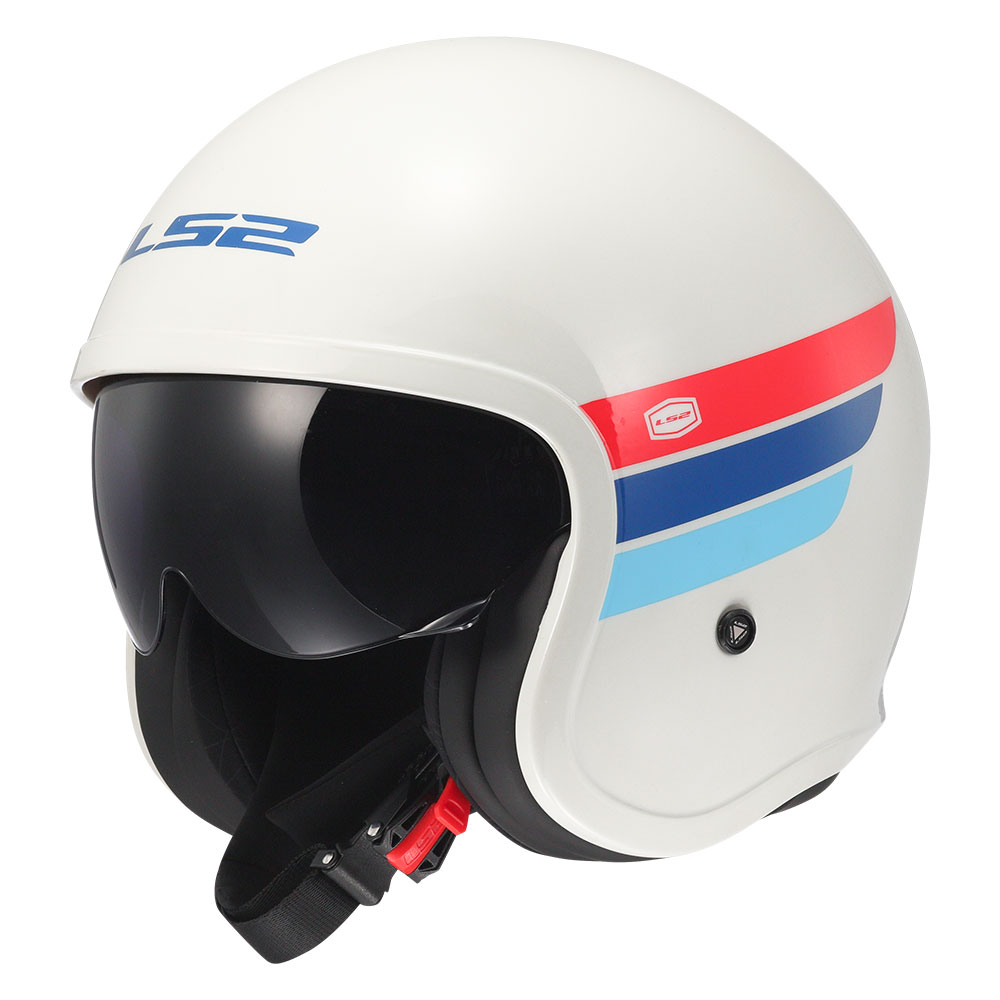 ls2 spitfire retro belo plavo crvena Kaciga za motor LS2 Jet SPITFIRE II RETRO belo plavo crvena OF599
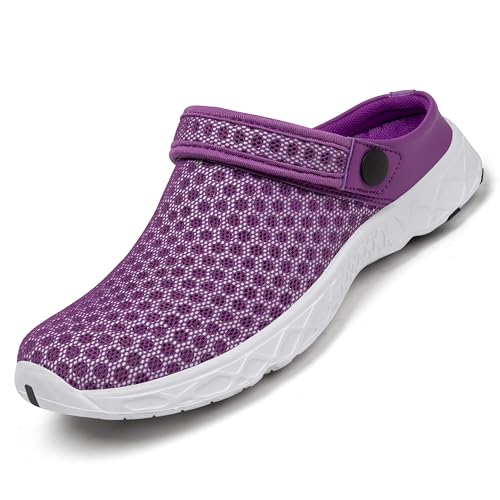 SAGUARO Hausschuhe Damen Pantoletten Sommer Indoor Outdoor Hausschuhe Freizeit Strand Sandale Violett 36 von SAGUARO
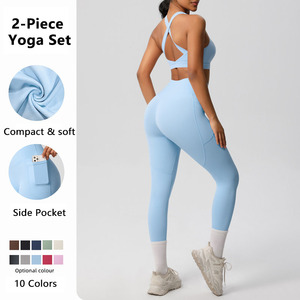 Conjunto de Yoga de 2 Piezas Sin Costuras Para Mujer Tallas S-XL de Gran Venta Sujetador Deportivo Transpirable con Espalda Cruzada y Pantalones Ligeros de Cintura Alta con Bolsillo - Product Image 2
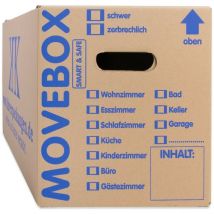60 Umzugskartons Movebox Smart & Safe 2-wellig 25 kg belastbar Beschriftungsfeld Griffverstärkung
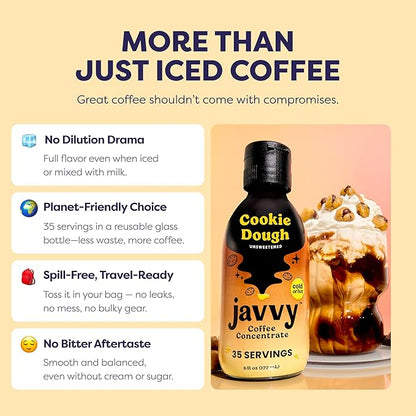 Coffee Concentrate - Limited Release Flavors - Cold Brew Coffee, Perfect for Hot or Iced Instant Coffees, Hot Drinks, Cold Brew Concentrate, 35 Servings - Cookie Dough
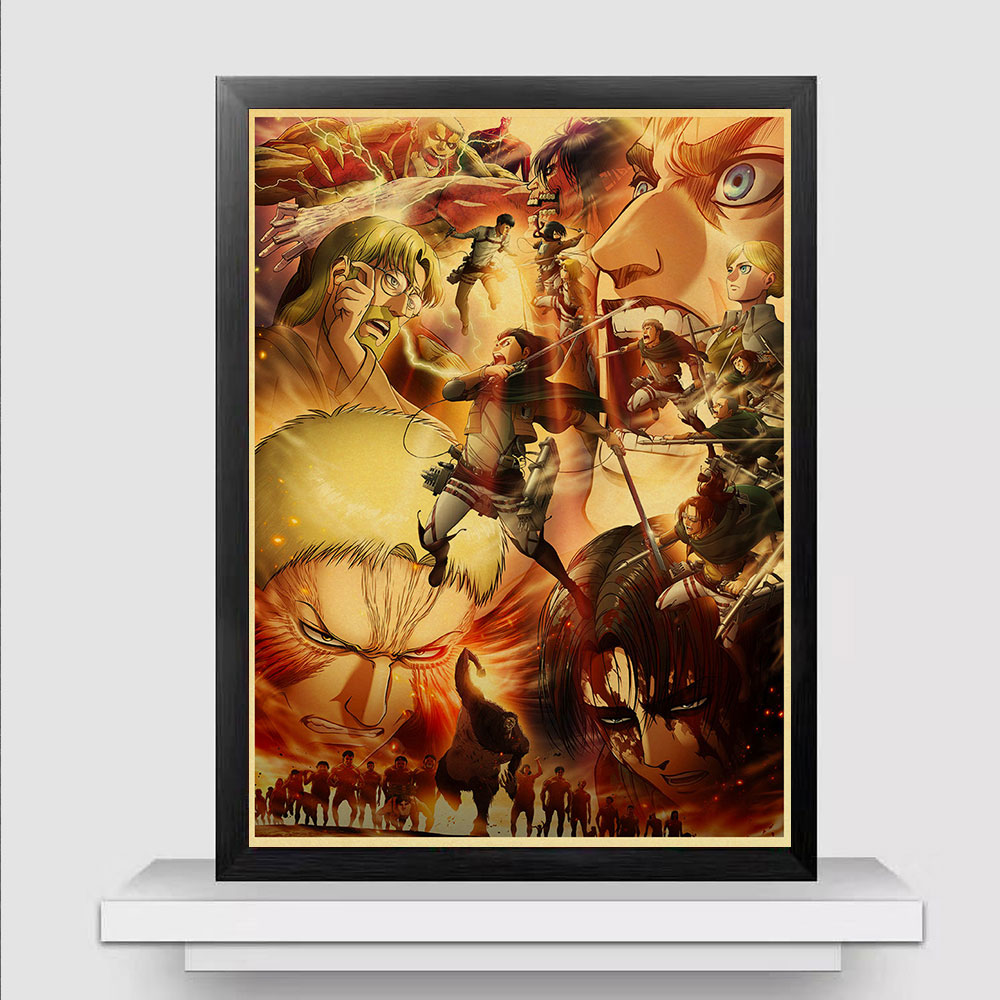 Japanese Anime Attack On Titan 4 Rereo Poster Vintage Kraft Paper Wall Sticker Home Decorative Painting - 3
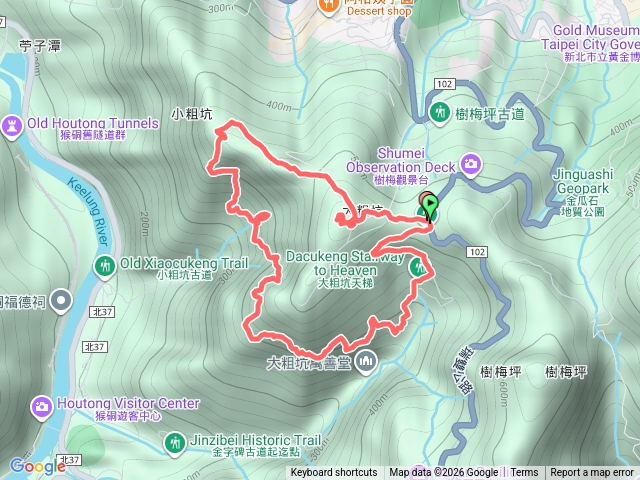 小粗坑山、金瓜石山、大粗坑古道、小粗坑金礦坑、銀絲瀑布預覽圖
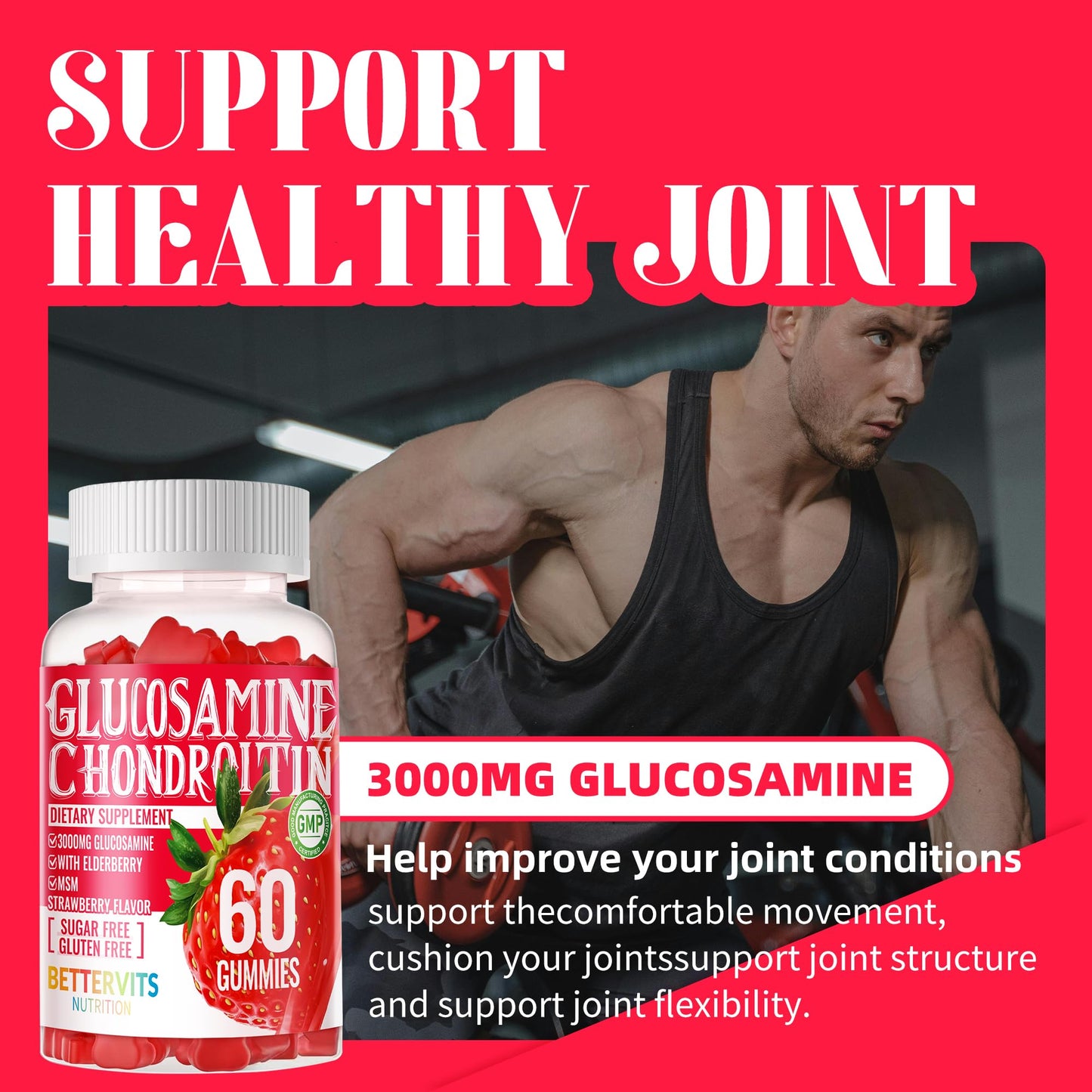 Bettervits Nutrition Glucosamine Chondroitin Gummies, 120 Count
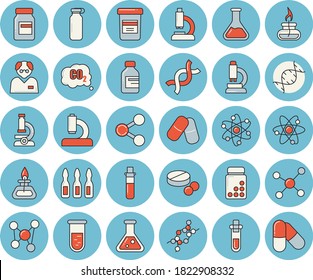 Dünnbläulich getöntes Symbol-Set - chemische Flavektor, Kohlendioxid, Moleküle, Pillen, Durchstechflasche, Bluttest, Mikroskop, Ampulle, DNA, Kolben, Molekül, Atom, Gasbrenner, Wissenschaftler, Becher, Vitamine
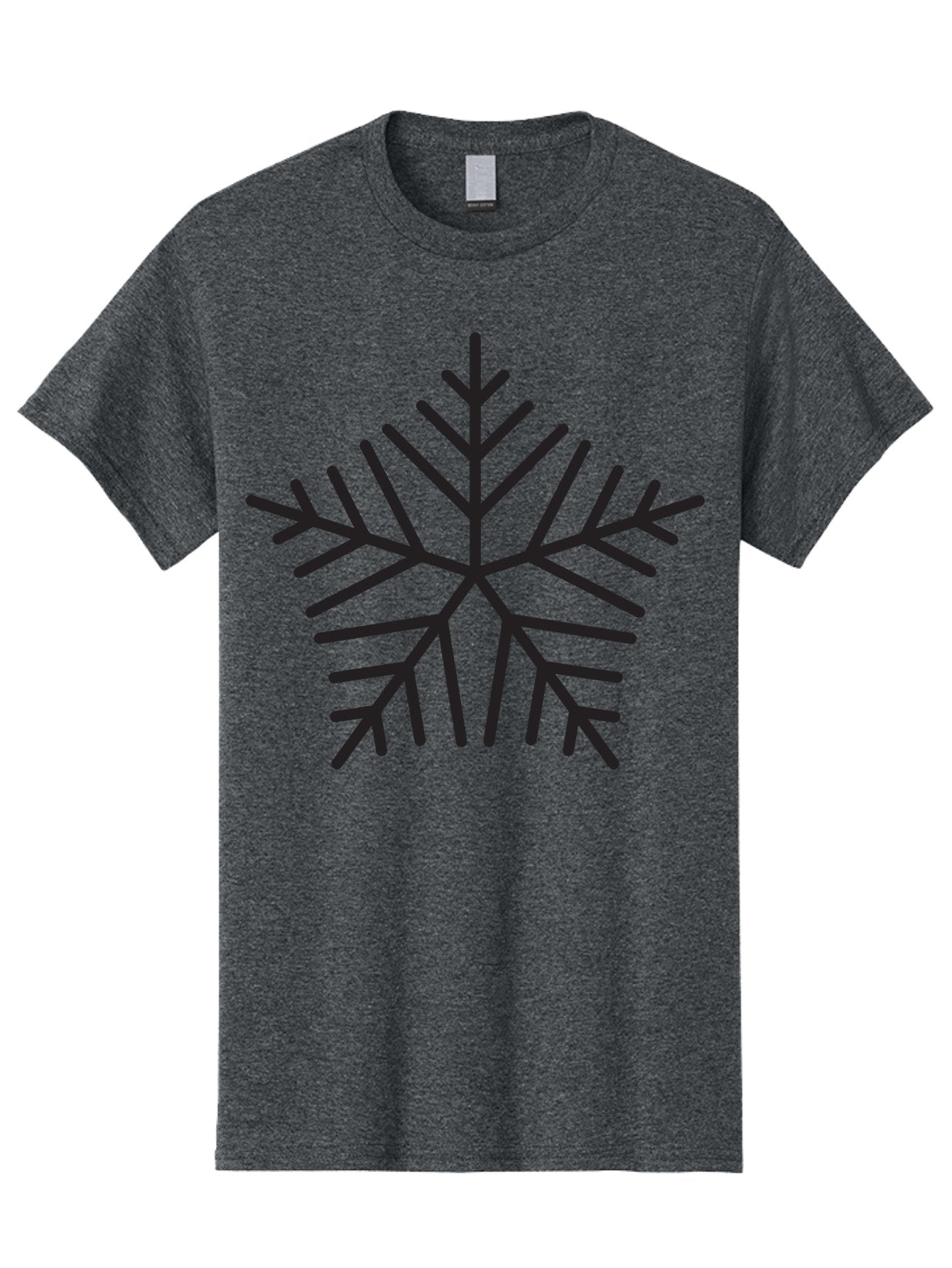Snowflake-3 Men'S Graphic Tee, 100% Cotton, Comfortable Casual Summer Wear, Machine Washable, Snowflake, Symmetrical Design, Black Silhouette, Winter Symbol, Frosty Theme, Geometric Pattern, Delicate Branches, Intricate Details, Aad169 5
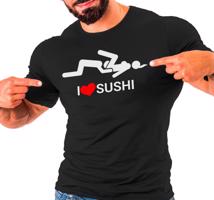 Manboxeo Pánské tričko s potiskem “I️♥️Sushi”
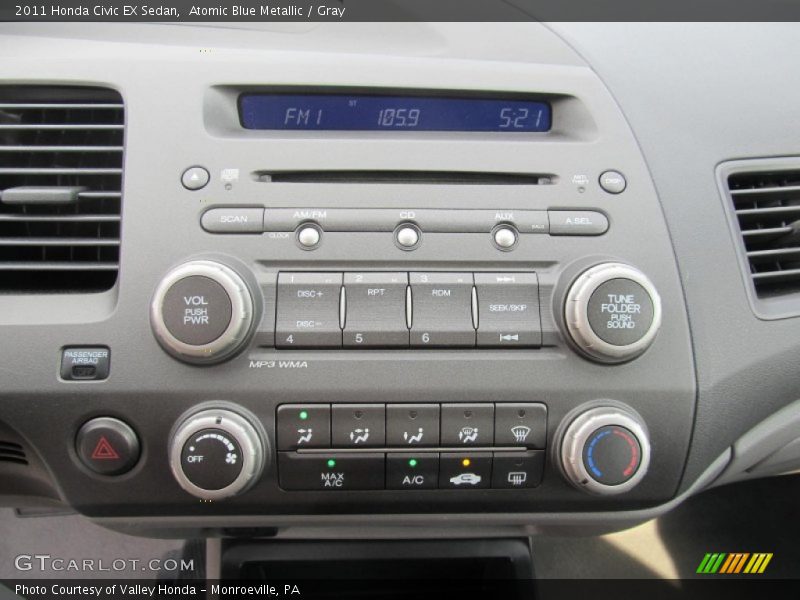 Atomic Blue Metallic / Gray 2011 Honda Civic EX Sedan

::::

WHAT YOU SHOULD DO >> Write the records above out again exactly, but not the pictures.

WRITTEN ANSWER >>
 ls2 spitfire retro belo plavo crvena Kaciga za motor LS2 Jet SPITFIRE II RETRO belo plavo crvena OF599
 SAGUARO Hausschuhe Damen Pantoletten Sommer Indoor Outdoor Hausschuhe Freizeit Strand Sandale Violett 36 von SAGUARO
 Conjunto de Yoga de 2 Piezas Sin Costuras Para Mujer Tallas S-XL de Gran Venta Sujetador Deportivo Transpirable con Espalda Cruzada y Pantalones Ligeros de Cintura Alta con Bolsillo - Product Image 2
60 Umzugskartons Movebox Smart & Safe 2-wellig 25 kg belastbar Beschriftungsfeld Griffverstärkung
 Coffee Concentrate - Limited Release Flavors - Cold Brew Coffee, Perfect for Hot or Iced Instant Coffees, Hot Drinks, Cold Brew Concentrate, 35 Servings - Cookie Dough
 Japanese Anime Attack On Titan 4 Rereo Poster Vintage Kraft Paper Wall Sticker Home Decorative Painting - 3
 小粗坑山、金瓜石山、大粗坑古道、小粗坑金礦坑、銀絲瀑布預覽圖
 Bettervits Nutrition Glucosamine Chondroitin Gummies, 120 Count
 Dünnbläulich getöntes Symbol-Set - chemische Flavektor, Kohlendioxid, Moleküle, Pillen, Durchstechflasche, Bluttest, Mikroskop, Ampulle, DNA, Kolben, Molekül, Atom, Gasbrenner, Wissenschaftler, Becher, Vitamine
Snowflake-3 Men'S Graphic Tee, 100% Cotton, Comfortable Casual Summer Wear, Machine Washable, Snowflake, Symmetrical Design, Black Silhouette, Winter Symbol, Frosty Theme, Geometric Pattern, Delicate Branches, Intricate Details, Aad169 5
 Manboxeo Pánské tričko s potiskem “I️♥️Sushi”
 Atomic Blue Metallic / Gray 2011 Honda Civic EX Sedan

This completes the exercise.